Tout d'abord, il faut évaluer l'impact de la crise sur les échanges mondiaux. Pour cela, il existe un indicateur de premier ordre que j'ai déjà étudié sur ce blog (un rappel est nécessaire ici) : le Baltic Dry Index (BDI) qui sert à mesurer le niveau des prix du transport maritime de matières sèches, une moyenne des prix pratiqués sur 24 routes mondiales de transport. Cet indice est un excellent indicateur de la future production industrielle. En effet, les matières sèches de cet indice concernent les minerais, les céréales, le ciment par exemple, autant de produits de base qui seront dans un proche avenir transformés.

Source : Baltic Dry Index

Comme nous pouvons le constater, la sortie de crise, n'est pas à l'ordre du jour et, de plus, nous assistons ces derniers mois à une chute constante de cet indice qui était le 24 mai 2013, à 828 points. Nous retournons lentement mais sûrement vers les abysses de la fin 2008 malgré les milliers de milliards de dollars injectés en pure perte. Pour rappel, avant la crise, en mai 2008, l'indice avait atteint son record de 11 793 points. Nous comprenons mieux ainsi la contraction de l'activité manufacturière en Chine qui s'inscrit dans un contexte mondial d'effondrement des échanges.

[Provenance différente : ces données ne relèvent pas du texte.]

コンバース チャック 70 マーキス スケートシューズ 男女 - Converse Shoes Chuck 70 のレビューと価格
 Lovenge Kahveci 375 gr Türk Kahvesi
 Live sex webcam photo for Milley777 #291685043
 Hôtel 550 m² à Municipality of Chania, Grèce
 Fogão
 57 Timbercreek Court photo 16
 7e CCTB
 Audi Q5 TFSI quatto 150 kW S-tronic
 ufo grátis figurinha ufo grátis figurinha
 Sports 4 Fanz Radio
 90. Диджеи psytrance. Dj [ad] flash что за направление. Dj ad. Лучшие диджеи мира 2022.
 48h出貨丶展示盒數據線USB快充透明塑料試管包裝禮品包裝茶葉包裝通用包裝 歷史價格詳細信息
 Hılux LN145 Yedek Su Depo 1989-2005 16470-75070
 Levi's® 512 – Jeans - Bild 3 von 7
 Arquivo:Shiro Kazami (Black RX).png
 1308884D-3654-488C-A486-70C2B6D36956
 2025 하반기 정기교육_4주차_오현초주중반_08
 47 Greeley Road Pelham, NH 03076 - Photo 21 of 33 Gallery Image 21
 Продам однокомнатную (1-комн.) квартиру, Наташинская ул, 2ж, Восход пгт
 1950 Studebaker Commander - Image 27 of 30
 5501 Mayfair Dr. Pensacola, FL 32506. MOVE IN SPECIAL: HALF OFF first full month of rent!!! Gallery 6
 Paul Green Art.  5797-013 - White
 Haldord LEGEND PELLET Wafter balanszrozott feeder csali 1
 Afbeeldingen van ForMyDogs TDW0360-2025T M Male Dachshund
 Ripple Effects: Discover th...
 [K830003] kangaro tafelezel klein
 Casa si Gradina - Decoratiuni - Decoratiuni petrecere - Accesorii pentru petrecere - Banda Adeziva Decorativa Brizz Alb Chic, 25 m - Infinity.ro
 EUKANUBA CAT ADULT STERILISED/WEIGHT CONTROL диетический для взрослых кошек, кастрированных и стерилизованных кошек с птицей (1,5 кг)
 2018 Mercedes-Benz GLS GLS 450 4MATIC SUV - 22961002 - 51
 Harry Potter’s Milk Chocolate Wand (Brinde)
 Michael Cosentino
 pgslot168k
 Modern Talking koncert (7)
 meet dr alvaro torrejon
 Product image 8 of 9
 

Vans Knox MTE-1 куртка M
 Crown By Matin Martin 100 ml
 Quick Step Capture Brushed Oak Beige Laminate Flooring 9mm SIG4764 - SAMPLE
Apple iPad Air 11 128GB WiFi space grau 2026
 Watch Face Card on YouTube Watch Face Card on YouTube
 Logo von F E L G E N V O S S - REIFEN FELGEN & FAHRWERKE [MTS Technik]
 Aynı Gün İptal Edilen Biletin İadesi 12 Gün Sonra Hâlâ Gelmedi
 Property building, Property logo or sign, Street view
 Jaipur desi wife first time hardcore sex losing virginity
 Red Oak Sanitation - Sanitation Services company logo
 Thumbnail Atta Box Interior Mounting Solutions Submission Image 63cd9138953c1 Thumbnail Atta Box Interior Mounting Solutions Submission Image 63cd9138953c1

B. Impact de la crise en Chine et résilience

L'indice PMI (Purchasing Managers Index) des directeurs d'achat de la Chine publié il y a quelques jours par HSBC s'est établi à 49,6. Tombant sous la barre des 50, il indique clairement une contraction de l'économie chinoise. De plus, avec une croissance du PIB estimée à 7,5% en 2013 (plus proche des 7% pour ma part), la Chine va entrer dans une très forte zone de turbulence. En effet, la Chine doit intégrer 20 millions de travailleurs chaque année (démographie, immigration et exode rural) ce qui l'oblige à ne pas descendre en dessous des 7,5% de croissance. La pression sociale qui a engendré de très fortes hausses de salaires (17,1% en 2012) et l'impact des coûts environnementaux posent désormais de gros problèmes de compétitivité à la Chine qui voit se développer ses concurrents asiatiques.
Pour lutter contre cela, la Chine a mis en place un renforcement de ses échanges (+ 30,2% en mars 2013) au sein de l'ASEAN (Association des nations de l'Asie du Sud-Est) et développé en mai 2013, la création d’un espace douanier commun.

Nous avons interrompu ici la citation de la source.